**What this task involves**. Would you restate the entries below word for word, starting at the first line and ending with the one that has "頭城農場以回收的木料進行充滿綠意的原木組盆DIY，變成生態教育的實際材料"?
= = = = = = =
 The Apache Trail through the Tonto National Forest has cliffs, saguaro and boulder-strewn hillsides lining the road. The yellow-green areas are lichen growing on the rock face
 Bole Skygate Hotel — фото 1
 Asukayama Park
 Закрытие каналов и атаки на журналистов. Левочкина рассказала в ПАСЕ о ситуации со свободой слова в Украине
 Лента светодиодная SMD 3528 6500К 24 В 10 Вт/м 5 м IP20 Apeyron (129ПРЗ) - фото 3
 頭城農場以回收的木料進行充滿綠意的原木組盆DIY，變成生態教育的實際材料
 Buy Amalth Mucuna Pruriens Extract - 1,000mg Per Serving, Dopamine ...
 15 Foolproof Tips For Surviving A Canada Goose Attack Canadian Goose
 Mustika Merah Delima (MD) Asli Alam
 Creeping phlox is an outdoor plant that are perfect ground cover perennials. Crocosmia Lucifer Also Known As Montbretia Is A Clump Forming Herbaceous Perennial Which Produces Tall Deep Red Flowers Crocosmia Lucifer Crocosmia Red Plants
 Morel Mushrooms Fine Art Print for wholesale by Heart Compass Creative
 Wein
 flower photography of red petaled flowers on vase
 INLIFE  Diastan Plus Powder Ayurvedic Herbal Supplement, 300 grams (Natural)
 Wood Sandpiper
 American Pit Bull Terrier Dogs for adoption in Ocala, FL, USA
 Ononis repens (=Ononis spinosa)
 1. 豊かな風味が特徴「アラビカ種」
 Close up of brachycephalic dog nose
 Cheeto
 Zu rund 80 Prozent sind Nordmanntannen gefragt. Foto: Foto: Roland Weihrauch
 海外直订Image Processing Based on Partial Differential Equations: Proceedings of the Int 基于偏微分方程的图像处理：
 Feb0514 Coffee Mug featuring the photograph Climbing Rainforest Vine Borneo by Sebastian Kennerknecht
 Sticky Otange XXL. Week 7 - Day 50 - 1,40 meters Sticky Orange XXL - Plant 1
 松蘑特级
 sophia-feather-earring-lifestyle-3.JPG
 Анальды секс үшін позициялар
= = = = = = =
**Expected output**.
 The Apache Trail through the Tonto National Forest has cliffs, saguaro and boulder-strewn hillsides lining the road. The yellow-green areas are lichen growing on the rock face
 Bole Skygate Hotel — фото 1
 Asukayama Park
 Закрытие каналов и атаки на журналистов. Левочкина рассказала в ПАСЕ о ситуации со свободой слова в Украине
 Лента светодиодная SMD 3528 6500К 24 В 10 Вт/м 5 м IP20 Apeyron (129ПРЗ) - фото 3
 頭城農場以回收的木料進行充滿綠意的原木組盆DIY，變成生態教育的實際材料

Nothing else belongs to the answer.